CHICAGO — Chicago aldermen said Tuesday that they aren’t willing to place their bets on a city sportsbook, despite the backing of Mayor Lori Lightfoot.
On Tuesday, key stakeholders put their cards on the table during a committee hearing that ended abruptly without a final vote. As a wall of opposition builds, city council members weighed in on the pros and cons of the measure.
“What is in it for the Black people?” asked Ald. David Moore (17TH Ward).
“Five folk,s which are very wealthy, are going to get even more wealthy without having a direct impact on minorities,” said Ald. George Cardenas (12th Ward).
The measure would allow Wrigley Field, Guaranteed Rate Field, Soldier Field, United Center and Wintrust Arena to run sportsbooks. Ald. Walter Burnett (27th Ward) introduced the measure so that Chicago could get in on the emerging market.
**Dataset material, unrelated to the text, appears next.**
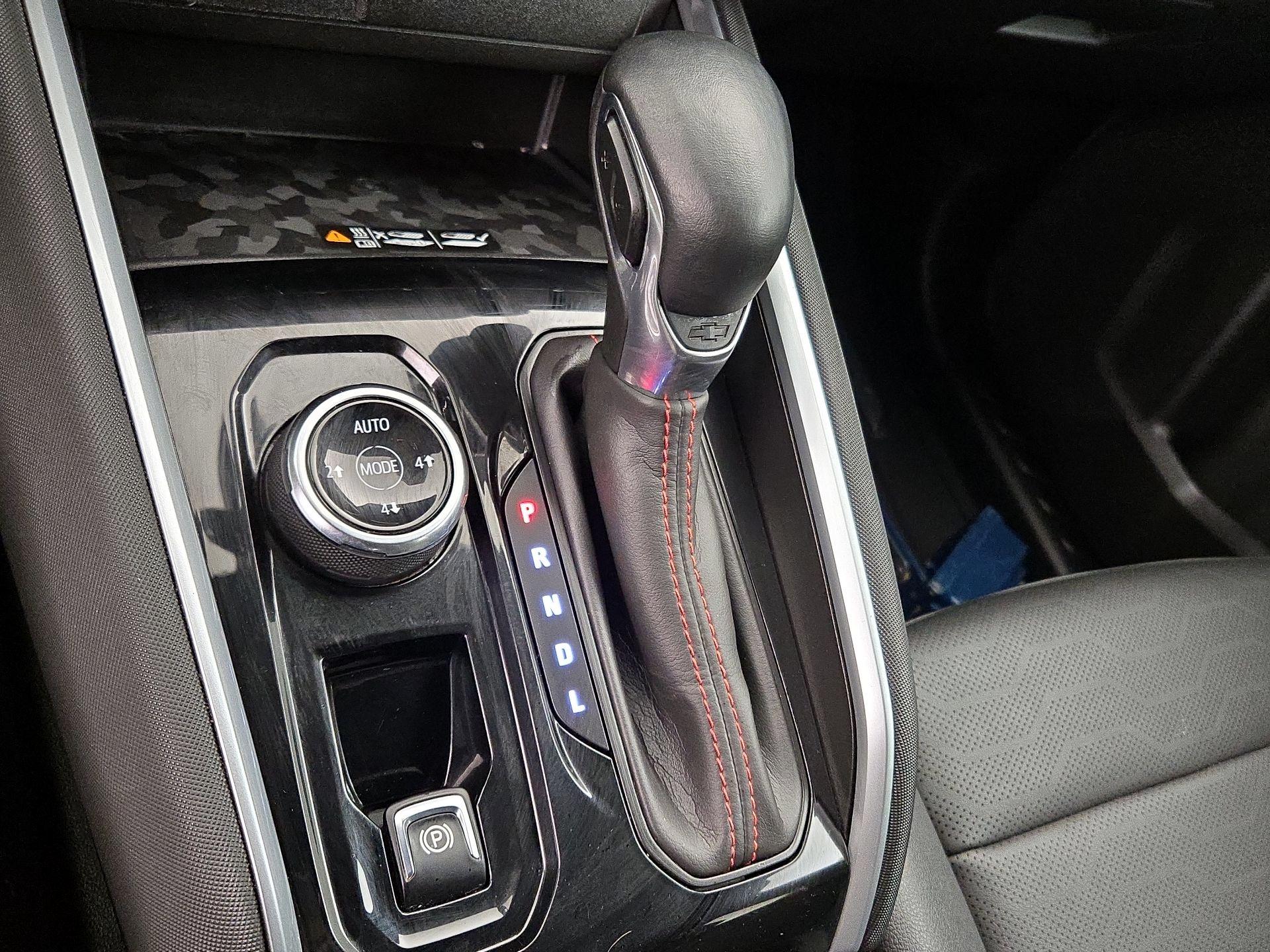 Thumbnail: 2023 Chevrolet Colorado - 18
“We would start getting money immediately with the sports facilities rather than waiting for a casino to be built,” Burnett said.
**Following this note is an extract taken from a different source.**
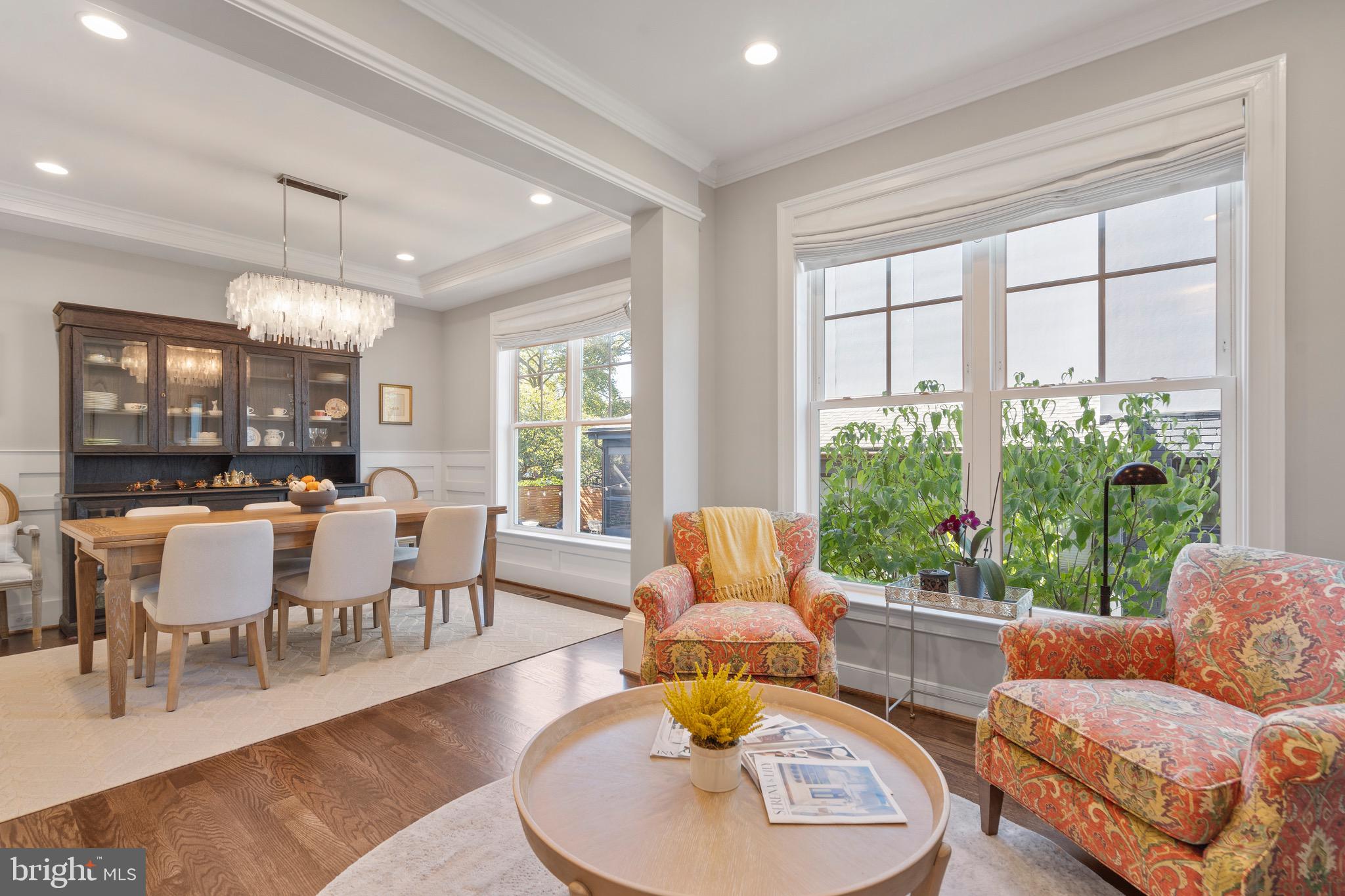 OVER LEE KNOLLS - Residential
The taxes are a contentious subject. Revenues are taxes at 15% for the state and 2% for Cook County. Under the proposed ordinance, Chicago would impose its own 2% on gross revenues.
Mayor Lightfoot backs the tax.
“Any infrastructure work that’s required, any regulatory oversight, we need to make sure that there are sufficient resources for us to be able to do it,” Lightfoot said.
Chicago’s future casino is complicating sports betting, however.
“We should hold off on this until we get the casino up and going,” said Ald. Anthony Beale (9TH Ward).
Gaming companies have raised concern that sportsbooks at the five stadiums would cut into revenue from the casino.
Last month, Casino magnate Neil Bluhm of Rush Street Gaming warned City Council.
“Less people will come to the Chicago casino when they can bet on sports at the stadium,” Bluhm said.
The Council will need to keep negotiating sports betting, and as they argue, the city will continue to wait for revenue from the new sports betting industry.